According to researchers at the Mayo Clinic, more than 1/3 of Americans search the internet for medical information, and this proportion has been increasing slowly and steadily for several years.
Not surprisingly, patients with medical conditions are highly likely to search the internet for information; however, many clinicians also perform searches. There are several reputable sources, including the aforementioned Mayo Clinic, and there is no shortage of unreliable sources.
Google and Open AI’s ChatGPT have advanced to the point that they ‘understand’ questions asked in natural language (e.g., ‘Is there a pizza place near me that delivers?’). These applications often return surprisingly accurate answers.
Medicine Is Safety-Critical
No question asking about pizza delivery differs substantially from asking medical questions. In the artificial intelligence (AI) world, medical subject matter is considered ‘safety-critical.’ The phrase refers to errors or inaccuracies in the answers that can result in physical harm or failure to direct the patient in the right direction.
For these reasons, researchers are motivated to create medical AI that returns results as good (or better) as expert humans. In fields like pathology, which require (among other things) diagnosing diseases based on interpretations of microscopic images, AI has made substantial advances and is becoming a powerful tool for pathologists.
Doctor, Can I Ask You a Question?
Some experts would argue that the final frontier for AI is medical consultation. The patient has a sign or symptom and wants to ask an expert what they should do about it (if anything). Before the internet, the best option was to call a physician. Often, these calls would result in appointments for office visits.
[When I was practicing pediatrics, our friends often called with questions about their children. My wife had overheard me answer common questions so often that she would say, ‘Okay, here’s what he’s going to say…’ You could tell she was a pre-internet version of ChatGPT].
Today, most people ask questions to Google or ChatGPT before calling a doctor. Do Dr. Google and Dr. ChatGPT give answers that an actual healthcare provider would give? The accuracy of answers to medical questions can be measured, and that is precisely what researchers have been doing with AI.
In July 2023, Nature published a landmark study on a large language model (LLM) that answers medical questions. LLMs are the algorithms underlying ChatGPT and other search engines. LLMs can be trained to improve the quality of their answers over time via a complicated process of fine-tuning, input from developers, user feedback, and (importantly) addressing biases.

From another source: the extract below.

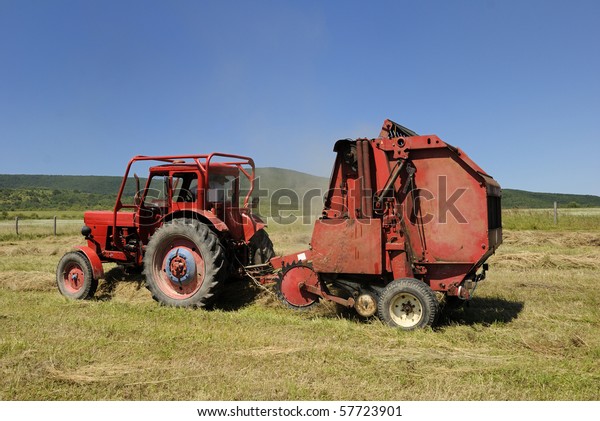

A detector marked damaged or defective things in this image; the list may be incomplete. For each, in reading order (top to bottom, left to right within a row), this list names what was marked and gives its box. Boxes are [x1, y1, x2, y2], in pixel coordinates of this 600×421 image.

rusty metal panel [310, 218, 384, 274]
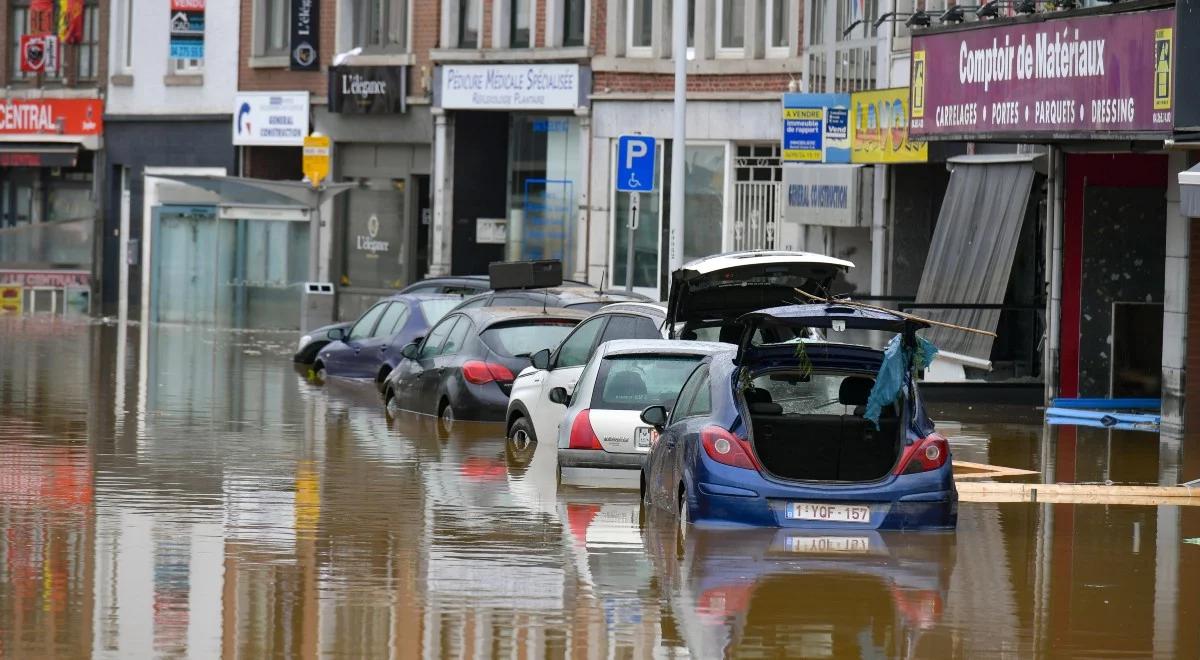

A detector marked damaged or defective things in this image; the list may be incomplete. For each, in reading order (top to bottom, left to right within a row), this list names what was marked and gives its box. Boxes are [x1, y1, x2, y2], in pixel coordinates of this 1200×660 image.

damaged awning [912, 153, 1036, 364]
damaged awning [1176, 164, 1200, 218]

The authors of the Nature article used a process called ‘instruction prompt tuning’ to improve a medical AI called Flan-PaLM, which was already ‘smarter’ than previous AI algorithms but remained inferior to human clinicians regarding answers to medical questions. Instruction prompt tuning is a ‘machine learning’ form where the AI becomes refined and optimized over time.
The result was an algorithm called Med-PaLM. To test the accuracy of responses, the researchers asked common medical questions. They compared the answers given by Med-PaLM with human clinicians. The authors wanted to know if the AI understood the question correctly and gave appropriate advice. They also tested whether there was any evidence of bias in the answers that might result in answers that were not appropriate for certain demographic or ethnic groups.
The results were remarkable. Med-PaLM gave long-form answers that were 92.6% aligned with the scientific consensus, roughly equivalent to clinician-generated answers (92.9%). Similarly, 5.9% of Med-PaLM answers were rated as potentially leading to harmful outcomes, similar to the result for clinician-generated answers (5.7%).
The authors acknowledge that substantial work must be done on Med-PaLM before it can be used in the real world. Not least, the algorithm needs to understand questions asked by individuals with different backgrounds and levels of education to avoid providing misleading or inaccurate answers. Nevertheless, the main takeaway of the Nature study is that AI can answer medical questions posed in natural language in a manner consistent with actual human physicians.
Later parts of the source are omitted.